Na entrada da escola, Jiang Xin disse a Wen Jing.

Ele acompanhou-a até o campus. “É só um trecho, vou levá-la ao dormitório.”

Jiang Xin ia protestar, mas seu celular começou a tocar.

Era Lu Haoyu.

Tinham combinado às três da tarde, mas ele sumiu por seis horas, lembrando dela só às nove da noite.

Mesmo sem sentimentos por ele, Jiang Xin achou desconfortável. Não conseguia imaginar como a antiga dona do corpo se sentia ao esperar horas no café.

“O que foi? É seu amigo?” A voz de Wen Jing trouxe Jiang Xin de volta.

Ela assentiu, sem se afastar dele, e atendeu.

“Xin! Xin! Me desculpe! Me desculpe! Eu...”

Lu Haoyu falava apressado e confuso. “Fui ao café ao meio-dia, Xin, não faltei de propósito. Minha prima sofreu um acidente, tive que ir embora e, na pressa, esqueci de avisar. Me desculpe...”

Jiang Xin respondeu com naturalidade. “Não tem problema, todos têm emergências, Lu, não se preocupe.”

Apesar de ser compreensiva, Lu Haoyu sentiu um medo estranho, desejava que ela o repreendesse.

Ele, perdido, puxou o cabelo. “Xin, já voltou para a escola?”

“Sim.”

“Estou a caminho da escola, você poderia...”

“Lu, precisava de algo? Pode falar pelo telefone.”

“Eu...”

“Na verdade, só queria dizer pessoalmente que, quando meu pai tirou você da montanha, foi só um pequeno favor, não precisam se preocupar. Sua mãe veio à minha casa pedir desculpas, deixou meus pais constrangidos.”

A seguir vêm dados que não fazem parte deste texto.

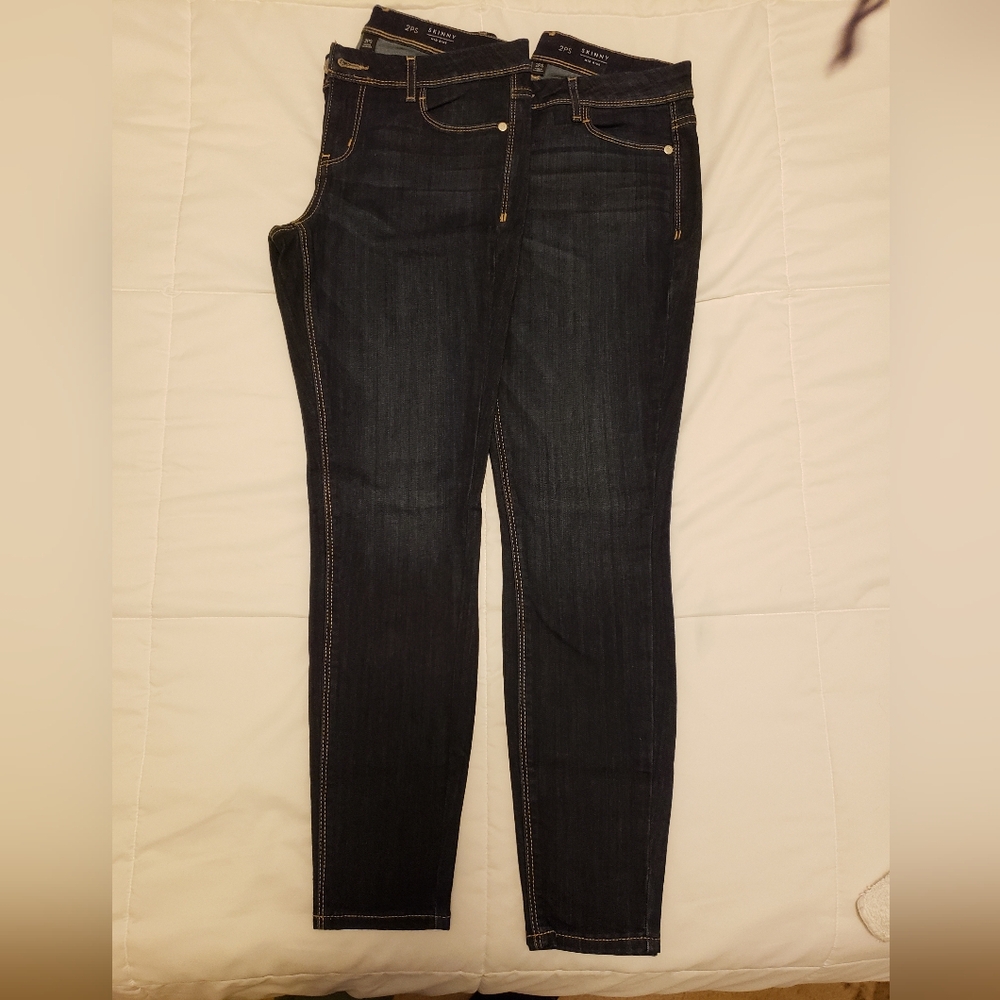 Petite Simply Vera Vera Wang Skinny Mid Rise Jeans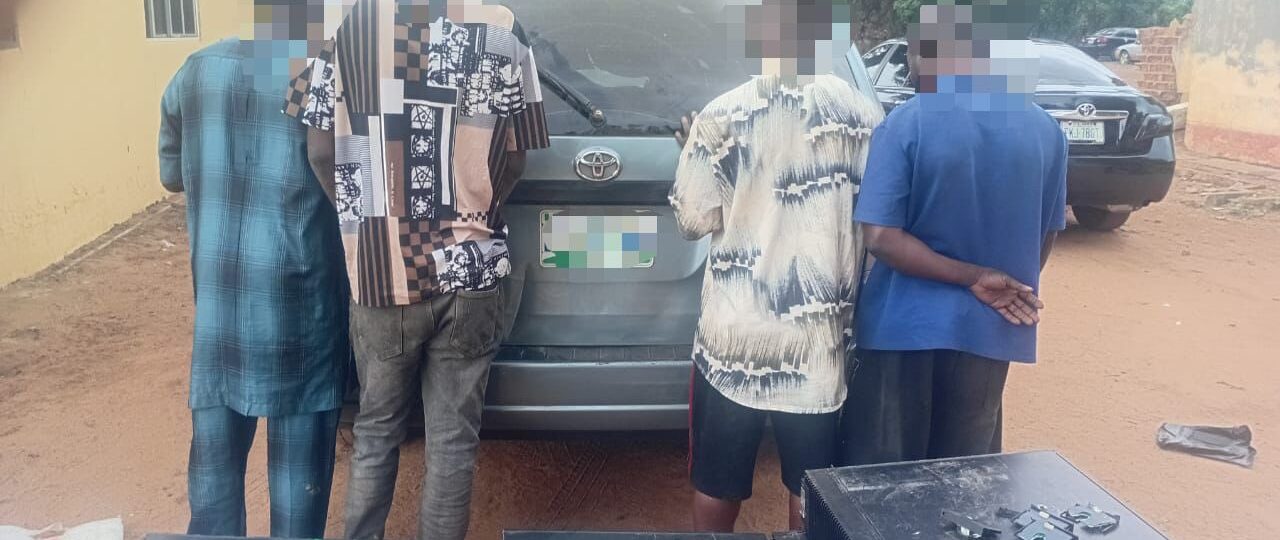 Oyo police arrest four over alleged theft of N8m Telecom equipment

Lu Haoyu não era ingênuo, percebeu o distanciamento nas palavras dela, o desejo de traçar limites.

Sua voz carregava tristeza. “Xin, nas férias nos dávamos tão bem...”

Mas desde que seu pai decidiu transferi-la de escola, eles se afastaram cada vez mais.

Agora, ela parecia tratá-lo como um estranho.